Se essa força foi suficiente para reunir a dupla de ex-presidentes e fazer com que um tucano histórico admita votar no maior símbolo do petismo, ela também pode ganhar carga razoável para barrar a reeleição do presidente.
A reunião Lula-FHC traduz uma convergência em torno do antibolsonarismo e evidencia uma convivência civilizada entre adversários políticos, mas seria ingenuidade interpretá-la como lançamento de uma engenharia eleitoral única para 2022.
Prova disso é a resposta do PSDB, que disse ser preciso "evitar sinais trocados" e pareceu incluir o petista, equivocadamente, numa categoria que chama de "os extremos". O discurso serve a líderes tucanos que temem ser engolidos pela presença resistente do bolsonarismo no eleitorado de direita.

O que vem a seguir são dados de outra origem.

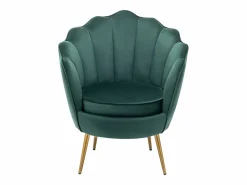 Vente-unique Sillón concha de terciopelo color con patas de metal LALEA Verde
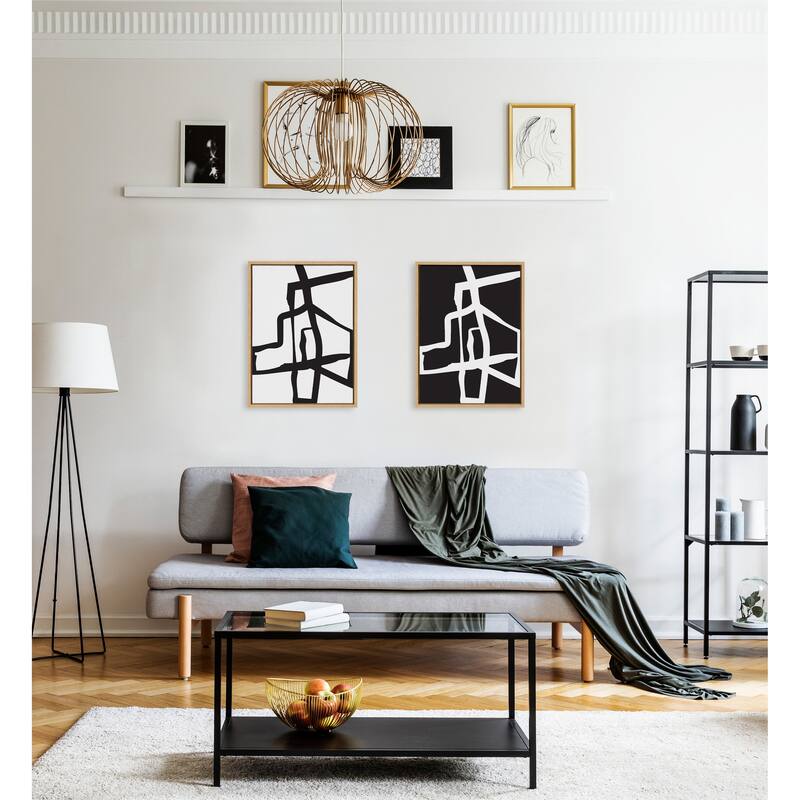 Kate and Laurel Sylvie Bold Sophisticated Abstract Black and White Stroke Framed Canvas Art Set by The Creative Bunch Studio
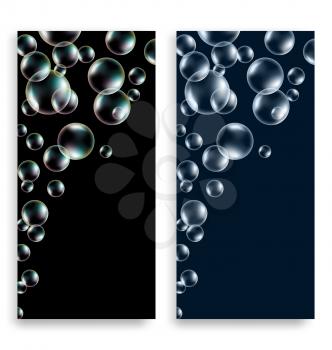 Two dark leaflets with soap bubbles and space for text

Muitos deles se serviram do antipetismo para chegar ao poder e pegaram carona na força do capitão reformado em 2018 —caso do governador paulista João Doria (PSDB). É natural, portanto, que nomes do partido rejeitem a impressão de que se tornaram aliados de Lula.

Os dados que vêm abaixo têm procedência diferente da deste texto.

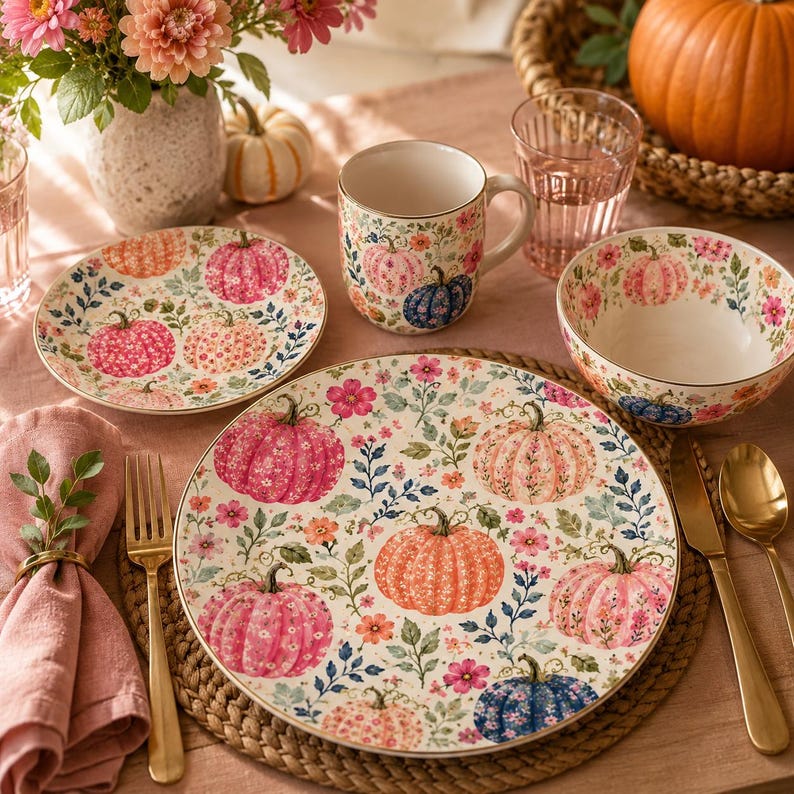 May include: A ceramic dinnerware set featuring a pattern of colorful pumpkins and small flowers on a cream background. The set includes a large dinner plate, a smaller plate, a bowl, and a mug, all decorated with matching floral pumpkin motifs.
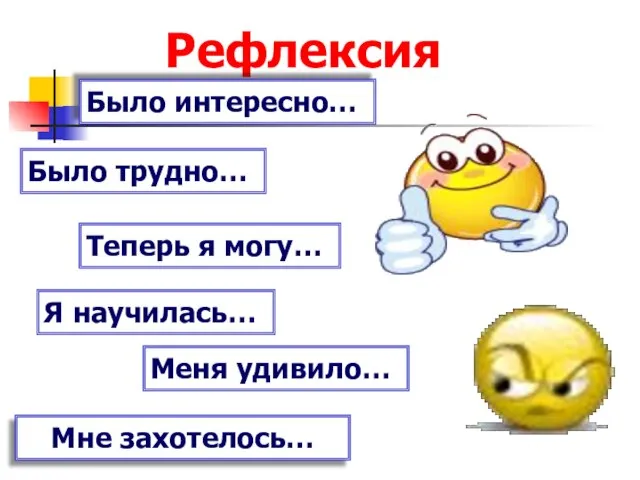 Рефлексия Было интересно… Было трудно… Теперь я могу… Я научилась… Меня удивило… Мне захотелось…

O próprio Fernando Henrique apresentou os limites políticos da fotografia com o petista. Após a divulgação do encontro, ele falou em "evitar más interpretações" e declarou que apoiará o candidato do PSDB no primeiro turno. Admitiu votar em qualquer um que se opuser a Bolsonaro no segundo turno, "mesmo o Lula".
Continua, portanto, a ser um devaneio o projeto de uma frente ampla para a largada da corrida de 2022, com o objetivo de derrotar o atual presidente. O que se enxerga, mais do que alianças formais, é uma convergência natural para o segundo turno, movida pelo antibolsonarismo —o que não é pouca coisa.

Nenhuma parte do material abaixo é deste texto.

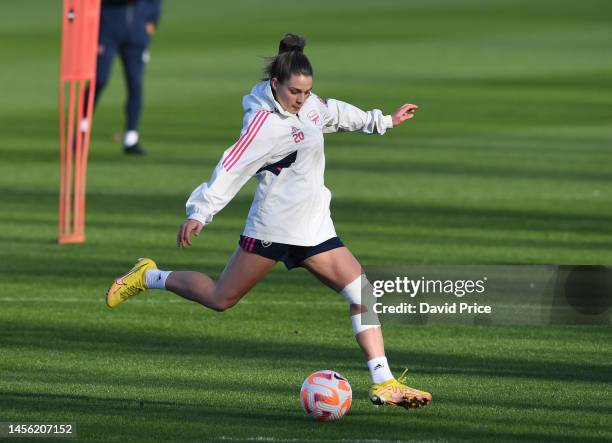 Gio Queiroz of Arsenal during the Arsenal Women's training session at London Colney on January 13, 2023 in St Albans, England.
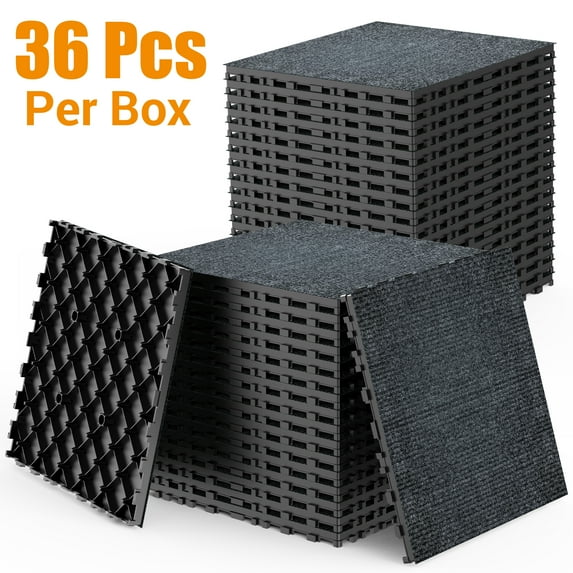 Jopath 36 Pcs Patio Deck Tiles, 12"x12" DIY Module Interlocking Decking Carpet,Easy and Quick Installation Court Tiles for Porch Poolside Balcony Backyard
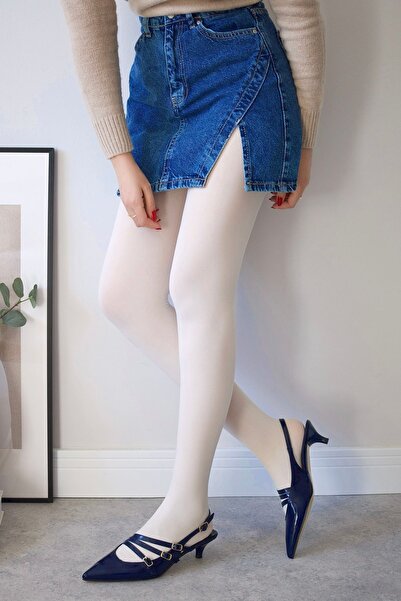 POLKA STORE Serena гостроносі трисмугові туфлі на підборах з пряжкою, сині лаковані жіночі туфлі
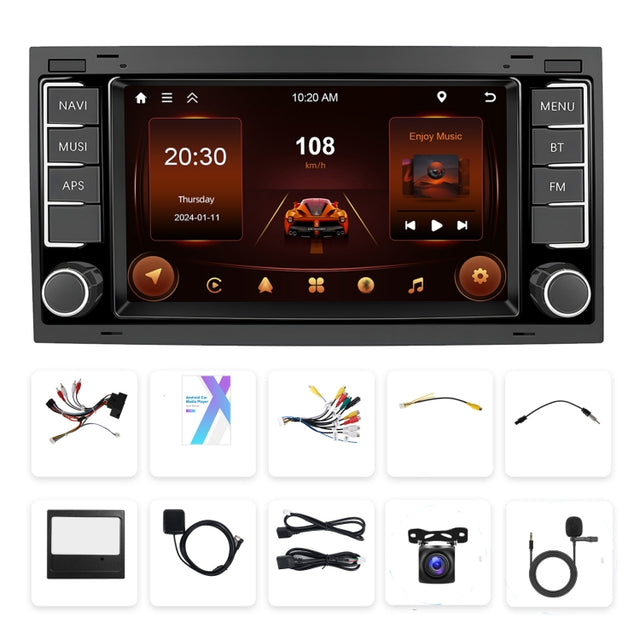 2+64G For Volkswagen Touareg 7-Inch Car WiFi Player Android 13 System Support CarPlay/Android Auto With AHD Camera and Mic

A reação imediata de aliados de Bolsonaro mostra o caminho que o presidente deve seguir para se opor a concertações desse tipo. O vereador carioca Carlos Bolsonaro (Republicanos) recorreu a lemas da antipolítica, igualou Lula a FHC e afirmou que os dois fatiam a democracia entre si.
Apesar disso, o repertório bolsonarista, conhecido de 2018, pode não ter o mesmo efeito em 2022. O presidente usará o figurino antissistema contra seus opositores, mas não conseguirá esconder o fato de que se sentou à mesa com o centrão para governar e terá o apoio de parte das siglas do bloco na campanha à reeleição.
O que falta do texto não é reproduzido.